That means that the position of the particle is not totally random but
predictable within some limits as expressed in the mathematical relation.
In other words the uncertainity principle is an expression of a dual form a physical laws including determinism as well as indeterminism.
Now,taking into consideration that the whole matter of the universe is made of atoms one can conclude that this duality of indeterminism and determinism is in fact a general law of matter.
If we leave the subatomic world and look around at our close experiences in classical physics or in other areas of human activity, governed by statistical laws, the same duality is most evident.
Each statistic law has at it's core a predictable relation ,conventionally limited, and beyond those limits the statistic becomes more and more random.
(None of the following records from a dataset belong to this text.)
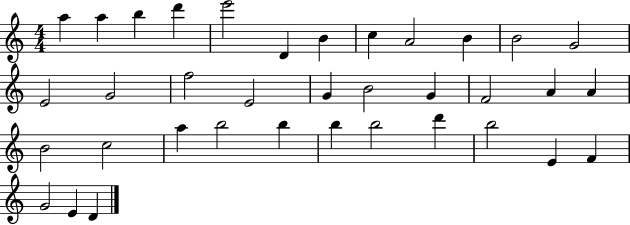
X:1
T:Untitled
M:4/4
L:1/4
K:C
a a b d' e'2 D B c A2 B B2 G2 E2 G2 f2 E2 G B2 G F2 A A B2 c2 a b2 b b b2 d' b2 E F G2 E D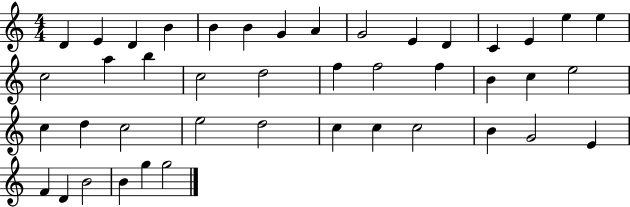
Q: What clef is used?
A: treble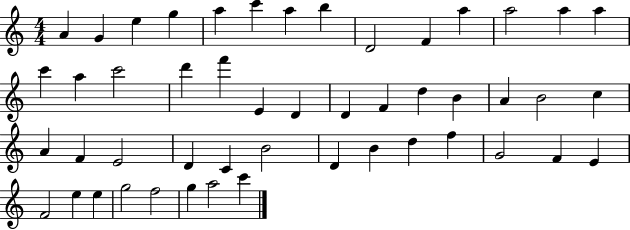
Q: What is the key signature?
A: C major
About the Casimir effect as a creation "ex nihilo" I still have my reserves because it is not only "counterintuitive" as Purple Rabbit put it in such a fine English expression but it is straight "antiintuitive" ,which may be the same but a little bit stronger as I see in your "ex nihilo creation".
I would not dare to contradict scientist who affirm the ex nihilo effect would we have more large knowledge about the antimatter,which we don't.
Physics is now blundering about the dark matter and I have not heard about any physicist of a high stature as Hawking,Penrose or others to have found the basic laws which govern antimatter.
So I would be more carefully by saying that the Casimir effect is "apparently " ex nihilo at the level of our knowledge about antimatter but that do not exclude the possibility to find in the future a still undisclosed causal phenomenon to it.
As an anecdote ,we know from history that the kings of the German dynasty of the Hohenzollern ,who ruled for a long time in Europe had this slogan written on their royal emblem "Nihil sine Deo" .
Putting together "Creation ex nihilo" with "Nihil sine Deo" we get
"Creation=Deo" q.e.d.

[DD_8630]

You put it as if indeterminism is a consequence of a physical law.
I consider that more correctly is to say that the uncertainity principle is an expression of indeterminism, and even only a partial one.
In fact the difference between the Newtonian possibility of knowing the exact position of an object, knowing it's momentum and speed and the quantum mechanical possibility regarding a subatomical particle is only a statistical one.
That means that the position of the particle is not totally random but
predictable within some limits as expressed in the mathematical relation.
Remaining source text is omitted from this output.